In part 1, we tackled the concept of IP as a partnership between the IP supplier and the user. In the second installment, we looked at how sophisticated the industry has become and if it is now too complex for start-ups.
Taking part in this discussion are: Mike Gianfagna, vice president of Corporate Marketing, Atrenta; Warren Savage, president and CEO of IPextreme; John Koeter, vice president of Marketing, Solutions Group, Synopsys; and Chris Rowen, Cadence Fellow and CTO, Tensilica.
EE Times: IP used to be fairly simple blocks, but today there appears to be a trend for larger IP sub-systems becoming the norm. While some IP suppliers are shipping the complete sub-system, are we perhaps going to see a tiered approach in the industry where a company may integrate several smaller pieces of IP together and then resell that as a sub-system?
Mike Gianfagna: On the engineering side of it, it's a matter of who is smart enough to do it. What applications do you want to focus on? I think that is absolutely a commercial opportunity, and it is something we are going to see more of.
Warren Savage: I think it's more challenging than it seems. What I am seeing is verticalisation. Verticalisation enables specialists in areas, such as automotive. It often requires special certification and special expertise in those areas. You may see a consolidator for a sub-system in particular markets, whether it be medical, automotive. It requires that there are enough specialties in those areas that it's not horizontal.
Chris Rowen: I see two distinct flavours of opportunity. One, there are more vertical applications that have reached a critical mass in terms of popularity and ubiquity—there is room for IP sub-systems to serve those markets. As systems grows, there will be more of these niches where an individual core is too small, and somebody's going to want a complete 802.11ac base band, or a complete ZigBee base band, or a complete vision augmented reality sub-system.
The other flavour is the set of IP, tools, and methodologies needed to integrate sub-systems together. The number of sub-systems will soon outstrip the number of individual IP cores we used to integrate. The integration of sub-systems is different qualitatively from the integration of blocks. The amount of software and application content in a sub-system is much greater, and it takes on a whole new character.

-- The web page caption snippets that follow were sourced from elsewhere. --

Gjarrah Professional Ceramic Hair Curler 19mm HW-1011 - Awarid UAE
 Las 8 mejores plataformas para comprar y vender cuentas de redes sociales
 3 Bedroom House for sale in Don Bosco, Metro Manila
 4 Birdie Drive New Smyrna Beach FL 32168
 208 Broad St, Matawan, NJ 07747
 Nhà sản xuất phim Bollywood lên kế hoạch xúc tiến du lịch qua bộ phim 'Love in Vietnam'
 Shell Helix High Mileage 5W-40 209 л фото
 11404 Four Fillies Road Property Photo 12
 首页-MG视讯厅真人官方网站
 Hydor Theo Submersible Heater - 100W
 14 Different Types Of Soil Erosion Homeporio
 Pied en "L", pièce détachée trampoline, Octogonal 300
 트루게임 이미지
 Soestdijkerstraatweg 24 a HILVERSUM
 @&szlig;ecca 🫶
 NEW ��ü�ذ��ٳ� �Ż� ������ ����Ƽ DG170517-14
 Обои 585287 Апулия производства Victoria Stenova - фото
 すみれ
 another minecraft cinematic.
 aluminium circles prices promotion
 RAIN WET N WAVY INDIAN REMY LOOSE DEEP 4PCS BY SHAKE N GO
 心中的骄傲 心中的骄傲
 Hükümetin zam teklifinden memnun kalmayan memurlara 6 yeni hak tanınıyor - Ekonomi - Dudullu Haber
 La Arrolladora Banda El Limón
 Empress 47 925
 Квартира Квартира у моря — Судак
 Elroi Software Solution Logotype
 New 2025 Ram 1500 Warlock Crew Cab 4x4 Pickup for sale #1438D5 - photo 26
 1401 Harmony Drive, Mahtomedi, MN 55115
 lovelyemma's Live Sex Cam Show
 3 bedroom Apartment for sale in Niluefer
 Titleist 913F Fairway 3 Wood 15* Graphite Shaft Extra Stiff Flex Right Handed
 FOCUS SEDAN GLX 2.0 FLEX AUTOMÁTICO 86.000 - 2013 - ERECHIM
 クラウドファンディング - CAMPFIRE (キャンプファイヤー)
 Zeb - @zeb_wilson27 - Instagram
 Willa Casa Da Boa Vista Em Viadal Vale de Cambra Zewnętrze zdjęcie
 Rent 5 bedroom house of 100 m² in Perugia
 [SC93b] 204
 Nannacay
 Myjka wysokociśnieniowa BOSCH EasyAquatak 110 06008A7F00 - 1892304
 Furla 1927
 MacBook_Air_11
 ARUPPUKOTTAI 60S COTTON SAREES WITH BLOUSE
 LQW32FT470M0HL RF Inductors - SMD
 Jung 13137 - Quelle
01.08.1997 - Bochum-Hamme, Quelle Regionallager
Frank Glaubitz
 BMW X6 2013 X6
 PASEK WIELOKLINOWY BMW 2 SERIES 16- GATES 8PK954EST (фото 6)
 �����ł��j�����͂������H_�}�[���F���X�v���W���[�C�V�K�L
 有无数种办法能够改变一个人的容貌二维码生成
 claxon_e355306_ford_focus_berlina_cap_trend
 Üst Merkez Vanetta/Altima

Gianfagna: I think there's a subtext here around standard interfaces and standard architectures. To the extent that those kinds of things flourish, you will have more of this. Without standard interface and standard architecture, you'll have a hard time with these sub-systems.
EE Times: Are we talking about hardware or software standards?
Rowen: Today, it's kind of a mess. Certainly, there is a fair amount of knowledge about things such as Android. The software interfaces, the knowledge of the software interfaces, the configurability of the software interfaces within Android will become central concerns. But the way others do it is different. I think there are very significant challenges ahead as we pop up to that next level of interfaces. With hardware interfaces we have known for a long time that they were important, and there's been a lot of work there.
Gianfagna: Standards make us all say, that's going to take forever, but actually, there's been progress.
Rowen: Some of them are de facto standards, such as AXI and good verification IP to make it easy to stitch it all together. IO interface standardisation is key. So the hardware piece is in okay shape. But moving up from there, it gets tougher.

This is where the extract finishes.